Forward, one of Europe's biggest makers of printed circuit boards, said a sudden fall-off in demand for its products and higher costs meant that it would effectively only break-even in the second half. The news represents a sudden shift into reverse for a group which combined its warning with news of tripled profits in the first half. The shares accordingly plunged from 281.5p to 132p yesterday.

Mr Chamberlain, who saw his 40 per cent stake in the company collapse in value from pounds 61.7m to pounds 28.9m, was putting a brave face on his problems. In a statement, he announced a 25 per cent uplift in the interim dividend to 1p and reported "encouraging prospects for 1997" following a series of meetings with key customers. Along with encouraging forecasts for the European printed circuit board industry, "I remain confident that 1997 will prove to be a successful year for Forward Group," he said.

But brokers said that pre-tax profits which soared from pounds 2.01m to pounds 6.21m in the six months to July are the last the group is likely to see this year. Previous full-year forecasts had been for around double that level. Orders, normally run on a four- to six-week cycle, have slumped in October and November, as manufacturers, caught out a year ago by overestimating the expected demand for chips and boards, appear to be shortening their stocks.

Meanwhile, Forward's aggressive expansion policy is expected to run up pounds 1m in exceptional costs as the three acquisitions made so far this year are integrated with the rest of the business. Gearing, 35 per cent at the year end, has already moved up to around 50 per cent and Forward warned that it was above previous expectations.

Derrick Bumpsteed, chief executive, echoed his chairman's optimism. "Things were looking good until the final quarter, when we started to go through a destocking period.... I think it's going to run across the year-end period, going through to the back end of January. There is no question in meetings with customers that things are looking good for next year."

Mr Bumpsteed blamed over-optimism amongst customers last year, particularly the personal computer industry, which saw its market fall off going into 1996 and is only now recovering. Although around 45 per cent of Forward's sales go to the telecoms market, with defence, photocopiers and the like also more important, the personal computer market tends to set the trend, Mr Bumpsteed said. The underlying growth rate of 8 per cent was "still there and still strong", he added.
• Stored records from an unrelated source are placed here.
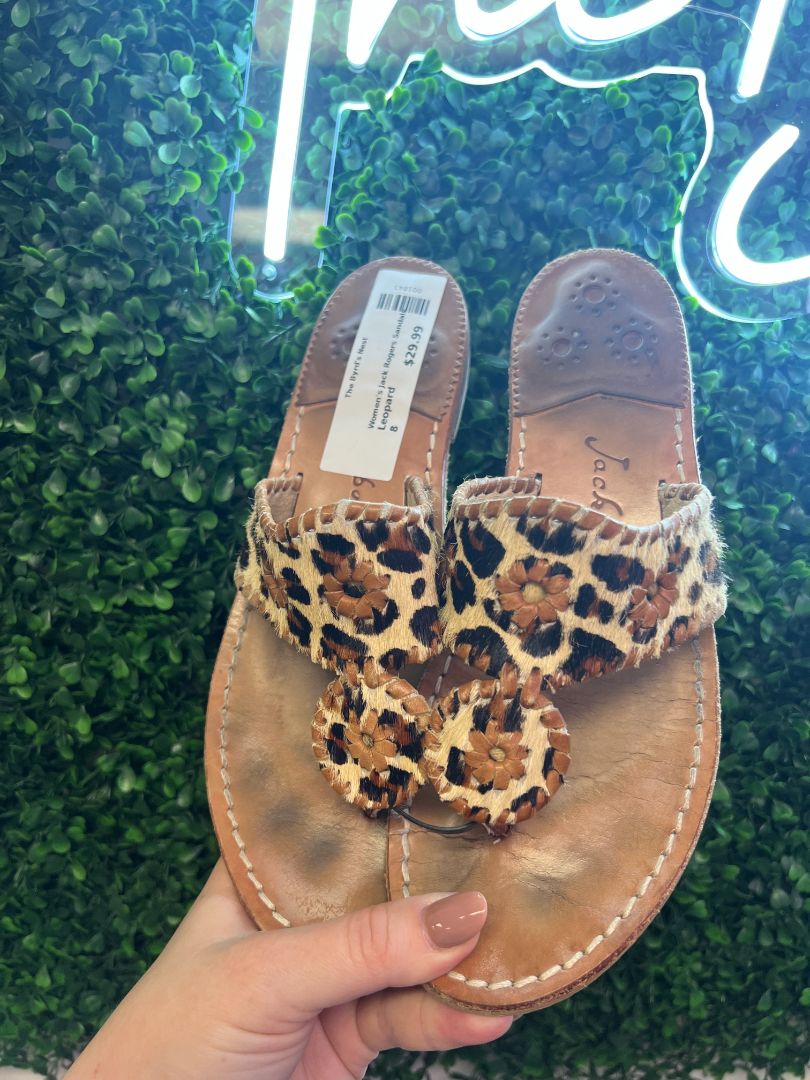 Leopard  Women's Jack Rogers Sandals, 8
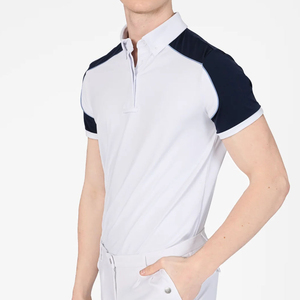 Top Soft Lightweight <b>Men</b> Horse Riding <b>Base</b> <b>Layer</b> Short Sleeves Fabric Breathable Training Equestrian Riding Shirt Customized - Product Image 5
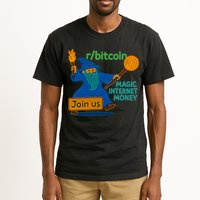Bitcoin Wizard Magic Internet Money Tall T-Shirt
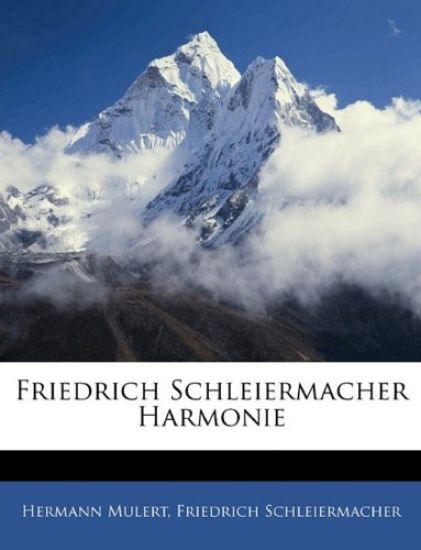 Friedrich Schleiermacher Harmonie
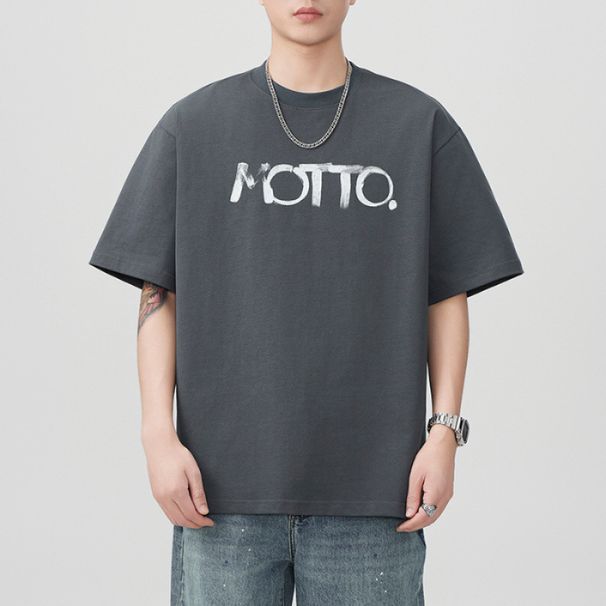 Summer Printed Cotton Sleeve T-shirt Men's China-Chic Loose Casual_viptrois.com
Stephen Williams of brokers Williams de Broe has halved his forecast for the current year to pounds 6.25m, rising to above pounds 10m in 1997/98. He said most of the damage had occurred in the high volume end of Forward's business, mainly Exacta Circuits, acquired last year, and Forward Circuits. He said the news shocked the market, but he suggested the orders could start coming back in December as customers geared up for next year.